Oh dear. There is only one person that you can change here, and it's you. Put your own boundaries in place. Look after yourself and your own sanity. Do NOTHING for her except take her window shopping or for a coffee. You can't change her, she's got to want to do it for herself. Get yourself a safe or lock for your room door. Change your password on your phone, your computer; change your pin numbers- why on earth didn't you do it before she maxed out your accounts? Look after yourself, then you'll be there, able to listen and support. Believe in yourself. Love yourself. Be kind to yourself.

sharon103 Sun 04-Aug-19 17:36:25

Online gambling is rife Annie.Bingo etc. Running up high mobile phone calls maybe.

ReadyMeals Sun 04-Aug-19 18:14:00

Why are you leaving your credit card lying around or telling her the pin number when you know she uses it without your permission?

Sleepygran Sun 04-Aug-19 18:22:22

My heart goes out to you.
To stop her using your credit cards, get new ones with new numbers and a small safe which she can't access.
Get her to see a doctor with you there if you can and the you can tell him the problems she's having.
It would be hard for you to throw her out and she knows that. You don't say how old she is or if she had a job before her son was born?
Does she have special needs?
Once your grandson starts school she may get a bit better, I hope so for all your sakes.
She's getting angry when you confront her because she knows she's in the wrong. Maybe try and turn it around and say that you yourself and her dad need help,you're feeling ill (but not tell her a lot of it is down to her) and see if she can step up. Bit.
I wish you loads of luck.x

Anniebach Sun 04-Aug-19 18:40:36

Didn’t think of those sharon perhaps icemaiden will explain when she replies to the posts

varian Sun 04-Aug-19 18:49:36

Perhaps you should concentrate on encouraging her to get a job and allow her and your grandson to stay with you until she is better established.

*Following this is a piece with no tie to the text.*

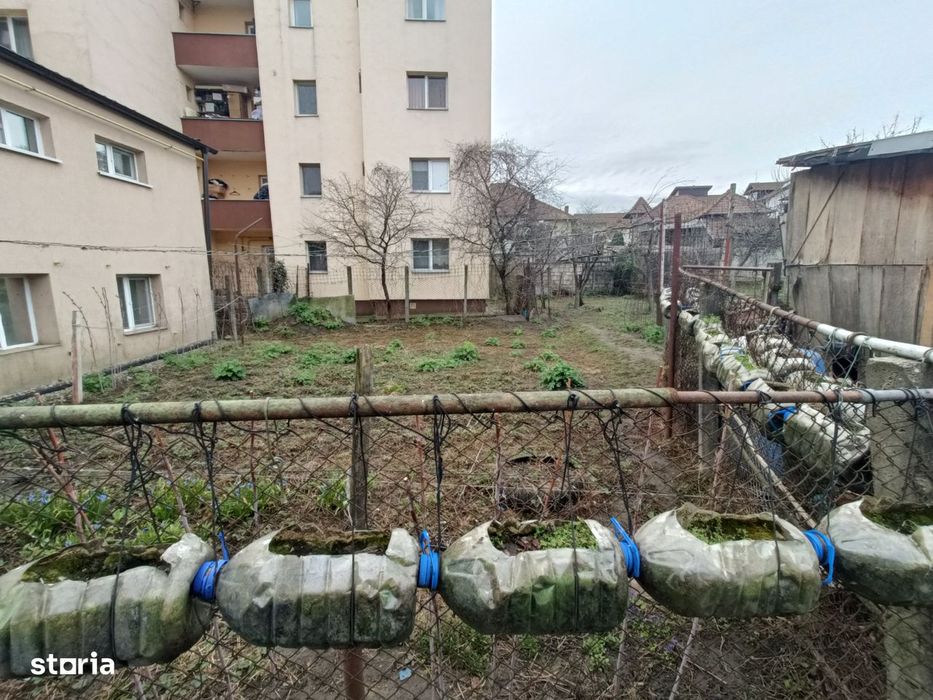 Proprietar vând teren 532 mp cu casă zonă centrală Rm. Vâlcea (zona A)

Was she working before she had her child? Could she go back to that type of work or if not is there another job she could do?

Even a part-time job would be better than allowing her to vegetate in the way she is doing at your expense.

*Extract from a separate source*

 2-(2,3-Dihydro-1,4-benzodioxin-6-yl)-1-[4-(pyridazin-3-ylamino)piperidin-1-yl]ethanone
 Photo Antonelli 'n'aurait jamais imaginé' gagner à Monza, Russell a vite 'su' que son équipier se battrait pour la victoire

sharon103 Sun 04-Aug-19 19:20:12

Yes I do hope icemaiden will come back Annie. We never stop worrying for our children no matter what age they are do we.
Sending positive thoughts your way. I've got every confidence in you. smile
I drop in at your thread every now and then. wink

sharon103 Sun 04-Aug-19 23:07:37

A pin number isn't needed for spending online ReadyMeals

mich777 Sun 04-Aug-19 23:57:37

I feel your daughter is possibly depressed and suffering from trauma or even PTSD.

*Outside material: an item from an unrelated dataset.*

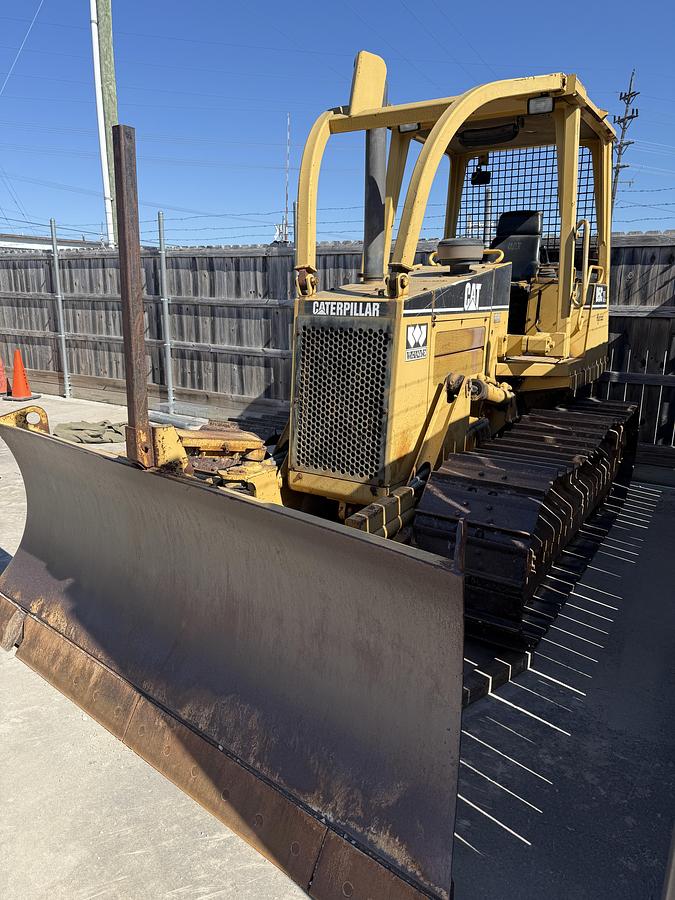 Used 1997 CATERPILLAR D5C XL Series III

I feel you must get her help through the mental health services...some talking therapies or she must see her GP for help for anti depressants and mental health support.

The Shaw Trust are excellent and so is shelter. They will help get her on some benefits and work with her to get her life back together.

You have done the right thing to give her and her son a roof over their heads and continue to love her when she has been abusive..I feel this is all part of her current mental health illness that is obvious to me.

Trauma created by abuse can take years to heal and will need specialist treatment.

Ant depressants may well be a massive boost to her lack of confidence and anxiety.

Seek the right help together and you will both have your own homes and lives eventually and re establish a beautiful new relationship with eachother.

I think you are a wonderful and very caring mum and I admire you deeply for how you have stuck by your daughter.

Show her my reply if it helps and tell her she will feel well and happy again and to be gentle with herself and you.

Annaram1 Mon 05-Aug-19 11:10:16

Tell the bank you have lost your cards and they will issue new ones within a few days. Before doing that, try if possible to get some cash for emergencies.

I agree with other posters about her being depressed and perhaps you could persuade her to see the doctor about treatment. I am sure that deep down she is appreciative about the help you are giving her and her little boy.